The recall effort originated with former town trustee Mike Christoff who has accused Blakely of not enforcing town ordinances, not using proper procedure at town meetings, improper hiring and firing procedures, refusal to reconcile problems concerning property in the town, not supporting the town police department and not fulfilling his duties after taking an oath to represent the Town of Dinosaur.
Blakely has denied the allegations.
According to state statute concerning municipal recall procedures, Blakely, or any other Dinosaur resident has 15 days to protest the petition. Blakely said he is looking into a protest on the basis the signatures were obtained unethically.
“I’ve been told by some who signed the petition they were misled,” Blakely said. “They were told the petition was for raising the street.”
Blakely said there were six or seven people who complained they were misled because the front page citing the reasons for the petition and the basis for recall was folded under. Some members of the Town Council have asked people if they were misled in signing the petition, Blakely said.
Christoff said that is untrue and he made every person read the allegations before signing the petition. He said people are afraid because Blakely, in his position as mayor, was intimidating to them. If Blakely does file a protest, Christoff will argue people who signed the petition and want their signatures removed were intimidated.

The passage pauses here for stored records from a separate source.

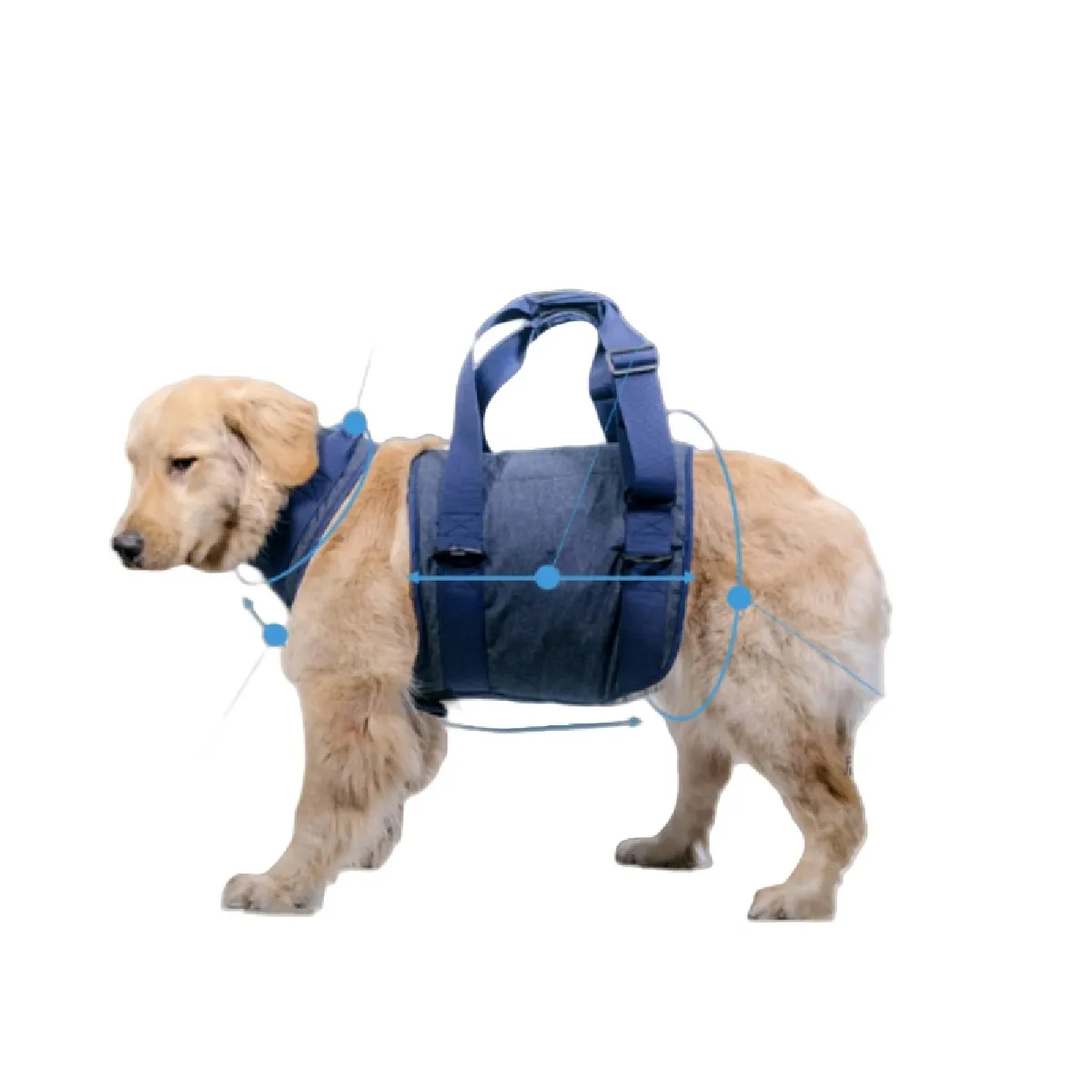 Harnais de soutien pour chiens âgés S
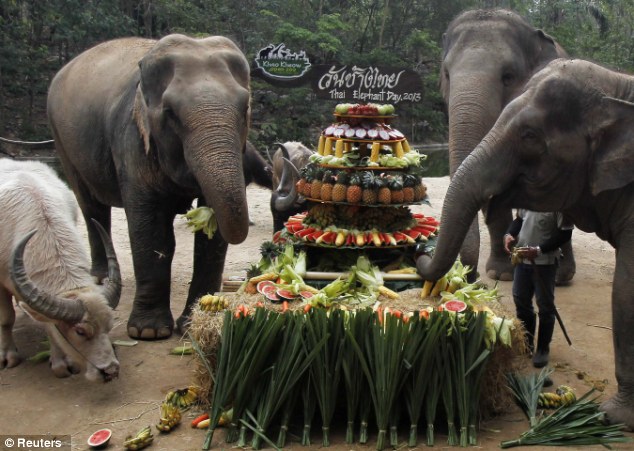 Saib Duab Txhua Yam - Page 10 Thai+Elephants++2013+++%282%29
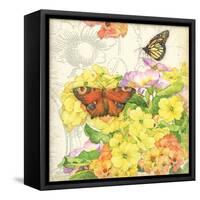 Primrose & Butterflies-Julie Paton-Framed Stretched Canvas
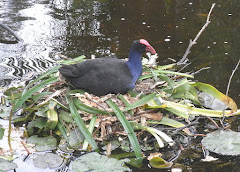 Purple Swamphen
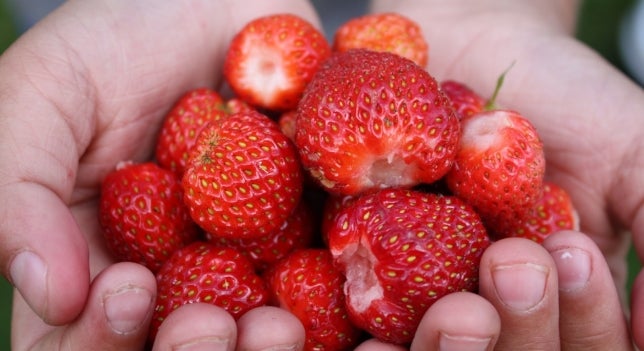 ¿Puedo darle fruta a mi perro? ¿Puedo darle fruta a mi perro?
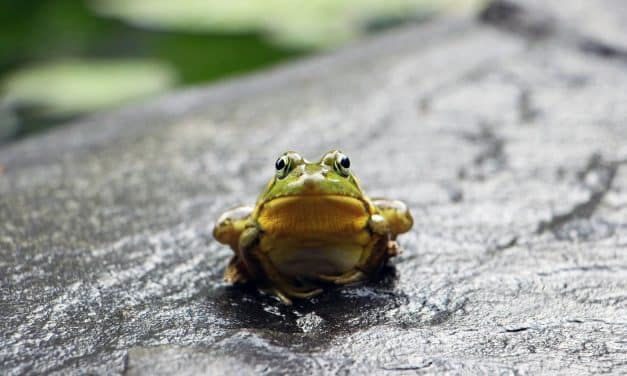 Créer un plan de redirections avec Screaming Frog et les embeddings vectoriels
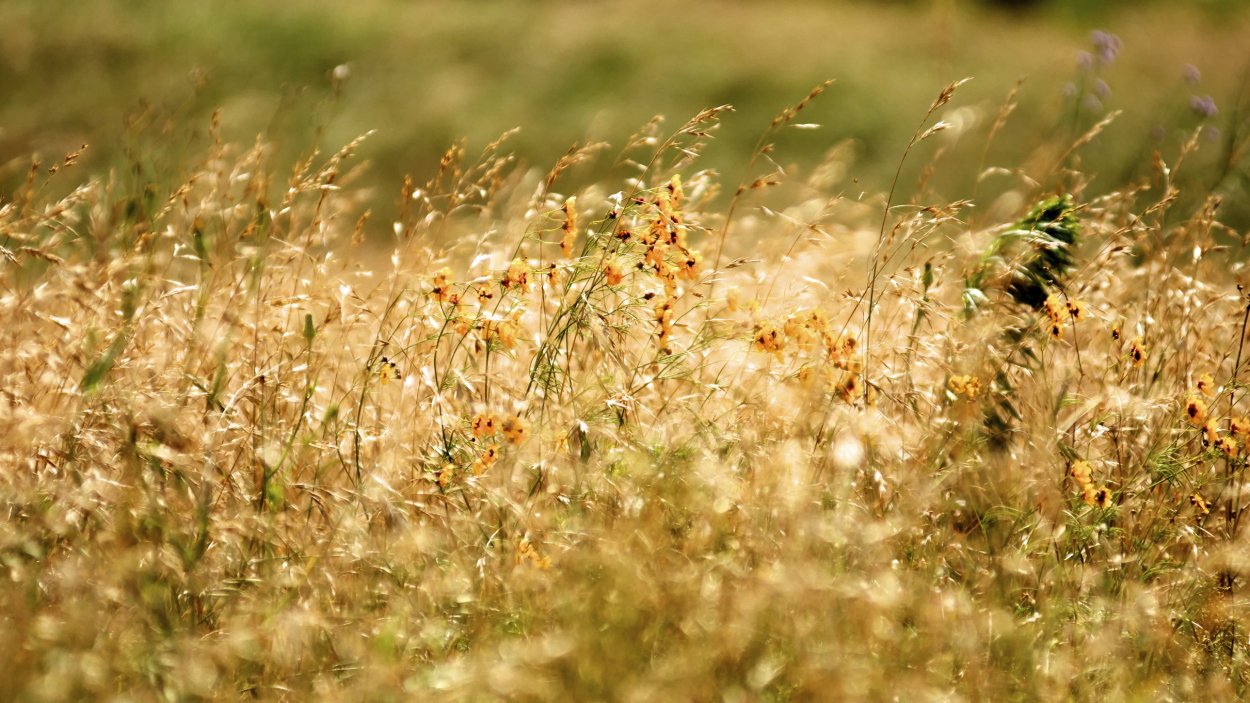 Солерос (саликорния, морская спаржа)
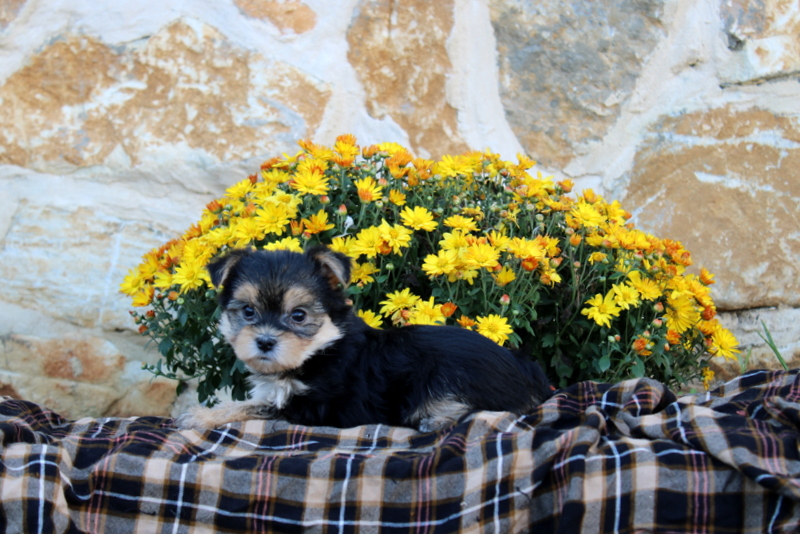 puppy, for, sale, Morkie, Matthew B. Stoltzfus, dog, breeder, Gap, PA, dog-breeder, puppy-for-sale, forsale, nearby, find, puppyfind, locator, puppylocator, aca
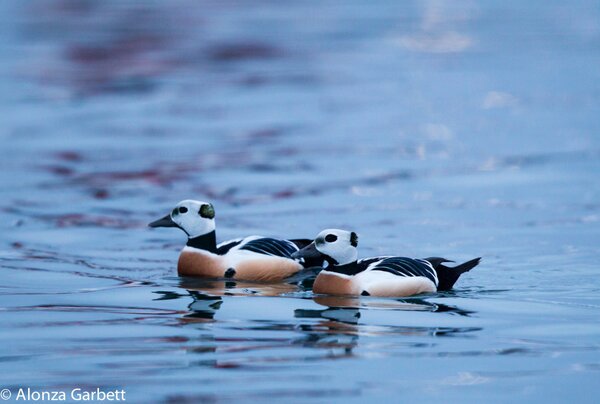 AlonzaGarbett's tweet photo. Finally I was able to get a few record shots of male Steller's Eider… light is still very poor http://t.co/5AjMXV5Q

“If it goes to a hearing, I’m going to bring up the intimidation factor,” Christoff said.
He said several people have told him they were spoken to by Blakely or other members of the Town Council.
According to state statute, the town has five days after the sufficiency of a petition has been filed to file notice of an election. The election must be held between 45 days and 75 days after the petition is filed. The law is not clear on how the process will be impacted if a protest is filed. Neither Blakely or Long could say and the town attorney is out until Wednesday.
If a protest is launched, a copy of it must be mailed to the petition circulators and a hearing must be scheduled within five to 10 days after the copy is mailed.
Christoff thinks protesting the recall is wasted effort on Blakely’s part.
“If he thinks he did such a good job, then he should just go through the elections,” he said. “He should either resign or withstand election. If it was me, I’d just leave, but him, he’s got to pick at it.”
Long said she has not made any preparations for an election and is not sure there are any plans to prepare for an election.
According the Blakely, the recall is caused by people with too much time on their hands.
“Some people have all the time in the world to dream these things up,” he said. “(Christoff) made the brag of getting 75 names on the petition easily and he’s quite a way from that.”
Blakely is one year and seven months into his second term as mayor. He was elected in April, 1998, after earning 110 votes while his opponent, Cletis Sands, earned 61.